Fear not, this tale does not end with lightning, nor is there even any in it. Other than the previous warning about it ;o)

I do a lap through the mounting waves from the storm blowing up the valley around the swim area, and decide that I shouldn't dawdle as my core body temperature has been lowered to an acceptable level.

So there I am in my car sitting at a yield in a goofy triangular shaped intersection minding my own business when a large black blob seeming lands on my windshield... I passed it off as a chunk of ash from the Terrace Mountain fire... until it flew IN MY WINDOW!!! It was a medium size, mostly black, BUMBLEBEE!!! that if he were walking instead of flying would be waddling. He couldn't quite hover in one place and kept flying towards me!

So there I am, in a bikini top, with my right foot jammed on the brake, blowing at a bumblebee. Phhooooshh, phhhoooosshh, PPHHHHOOOOOSSHHHH!!! Now despite my efforts at not panicking and not blowing him into myself... HE LANDED ON MY BOOB!!! Now did I mention that all I am currently wearing is a BIKINI TOP!!!

(The extensive use of exclamation marks and caps is just how much the situation was stressing me out)

So there I am with a BEE ON MY BOOB, wearing nothing but a bikini top. And all I can think to whisper is "doooodde not my booooob" and to my horror I watched as he climbed down under my boob where I COULDN'T SEE HIM ANYMORE!!! The suspense is killing me, and I pray that nobody is behind me waiting for me to use the intersection because I *know* that if I get stung in the boob, I'm immediately going to stall my car, jump out and run around in circles like a dog chasing it's tail screaming like a little girl... and then I'm going to stop and swear like a trucker with tourettes.

Yes I am that person your mother warned you about. No you shouldn't take me home to meet your parents.

Without further ado however, as I'm fervently looking for any sign of "The Bee" I notice that he has somehow made it over to my seat back behind me! I lean forward as far as I can without having my boobs blow my horn... and he casually flies out the window as though his flower inspection is over and he found nothing of note in my little sparkly blue Honda.

~insert minor amounts of hyperventilation here~

Calmly I decrease the amount of pressure I'm using on the brake, double check that the car is in gear, check my rear view mirrors, and ease out into the intersection and back to driving home. Although my adrenalin is still high enough that I could outrun a Kenyan, I concentrate on slowing my breathing back to a normal rate, and not driving like I'm on speed. Because I'm sure if I got pulled over my pupils would be so dilated that the cop wouldn't believe that I wasn't on anything.

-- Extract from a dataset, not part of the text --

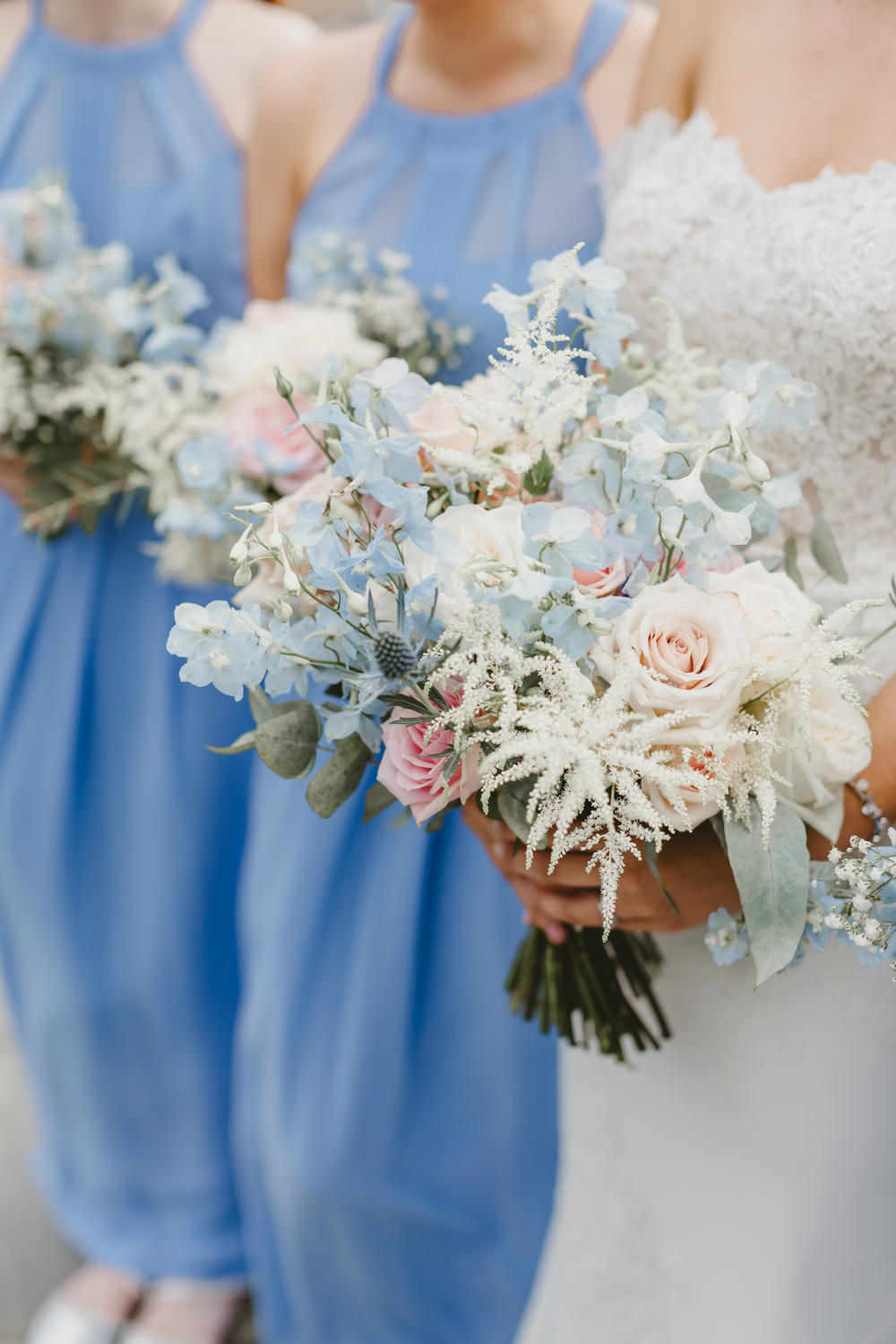 Bouquet Flowers Bride Bridal Pink Blue Rose Astilbe GG’s Yard Wedding Amy Lou Photography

This episode of my life brought to you courtesy of the letter "Bee" and the word "Boob".

Thursday, July 30, 2009

Save the whales?

It was an offhanded comment that was hilarious at the time...

"Do you think that there are dumb whales like there are dumb people? You know like all the other whales say 'Hey you're too close to the rocks' and the dumb whale's like 'Noooo I'm not look at me, oooh I'm swimming close to the rocks, ooohhh nooo...' and then 'Uhh guys?... Guys!? I'm stuck!!! HELP!' And all the other whales are like you dumbass we told you so!"

But then I was thinking about it, if there really are dumb whales like there are dumb people... we've mucked up more than just our gene pool. I mean how many whales have we 'saved'? I'm not talking about what Green Peace does vs the whale hunters... but really?!? Maybe we keep saving the dumb beached whale gene...

Tuesday, July 28, 2009

Dear God I need to be institutionalized

I ran out of pages of Lolcats... at 512!!!!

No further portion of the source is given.